No interactions on record
Explore head-to-head clinical comparisons of other medications in the same therapeutic classes.
Common clinical questions about CEFACLOR vs ANCEF IN DEXTROSE 5% IN PLASTIC CONTAINER, answered by our medical review team.
CEFACLOR is a Cephalosporin Antibiotic that works by Bactericidal; inhibits cell wall synthesis by binding to penicillin-binding proteins (PBPs), disrupting peptidoglycan cross-linking.. ANCEF IN DEXTROSE 5% IN PLASTIC CONTAINER is a Cephalosporin Antibiotic that works by Cefazolin is a first-generation cephalosporin antibiotic that inhibits bacterial cell wall synthesis by binding to penicillin-binding proteins (PBPs), inhibiting transpeptidation and disrupting peptidoglycan cross-linking. This leads to cell lysis and death, primarily in actively dividing bacteria.. They differ in pharmacokinetic profiles, FDA-approved indications, and side effect profiles.
Potency comparisons between CEFACLOR and ANCEF IN DEXTROSE 5% IN PLASTIC CONTAINER depend on the specific clinical indication. These are both Cephalosporin Antibiotic agents and are not directly interchangeable by dose. A physician or clinical pharmacist should guide any therapeutic switching decisions.

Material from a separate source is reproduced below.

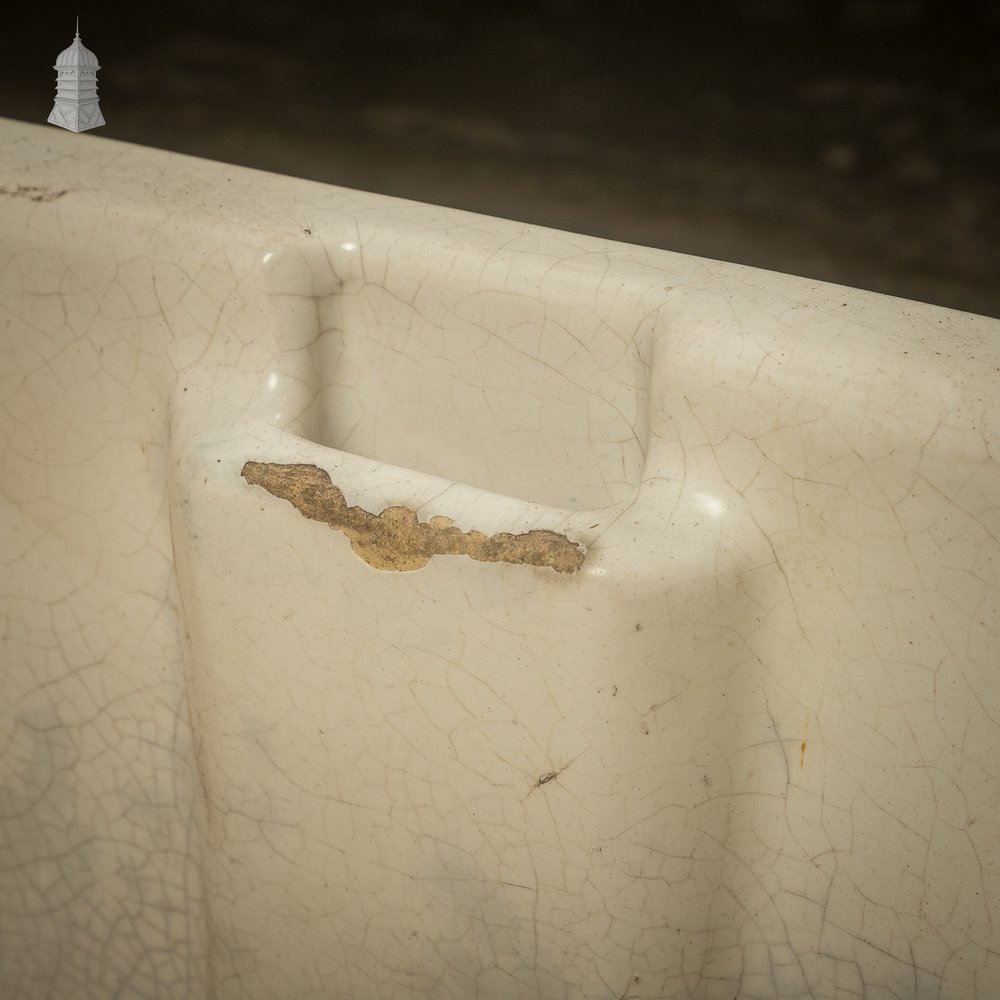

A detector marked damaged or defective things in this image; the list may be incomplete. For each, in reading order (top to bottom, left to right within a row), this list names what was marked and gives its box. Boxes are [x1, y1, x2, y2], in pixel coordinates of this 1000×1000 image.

rust stain [242, 458, 584, 572]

The standard adult dose of CEFACLOR is: 250-500 mg orally every 8 hours. The standard adult dose of ANCEF IN DEXTROSE 5% IN PLASTIC CONTAINER is: For uncomplicated infections: 1-2 g IV every 8 hours. For severe infections: up to 2 g IV every 4 hours. Administered as an IV infusion over 30-60 minutes.. Dosing should always be individualized based on indication, renal and hepatic function, age, and other patient factors.

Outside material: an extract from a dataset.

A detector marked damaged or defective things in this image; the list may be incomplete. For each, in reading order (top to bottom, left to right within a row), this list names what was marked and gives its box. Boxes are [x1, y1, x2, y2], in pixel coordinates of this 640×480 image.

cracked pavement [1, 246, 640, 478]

No direct drug-drug interaction has been formally documented between CEFACLOR and ANCEF IN DEXTROSE 5% IN PLASTIC CONTAINER in current clinical databases. However, individual patient risk factors including other medications, organ function, and comorbidities should always be evaluated by a qualified healthcare provider.
The maternal-fetal safety profiles differ. CEFACLOR is classified as Category A/B. First trimester: No increased risk of major congenital malformations based on limited human data; animal studies show no teratogenicity at clinically relevant doses. Second/third t. ANCEF IN DEXTROSE 5% IN PLASTIC CONTAINER is classified as Category C. Pregnancy Category B. No evidence of risk in humans based on animal studies and human data; however, adequate studies in pregnant women are lacking. No known teratogenic effects in. Always consult a maternal-fetal medicine specialist before taking either drug during pregnancy or lactation.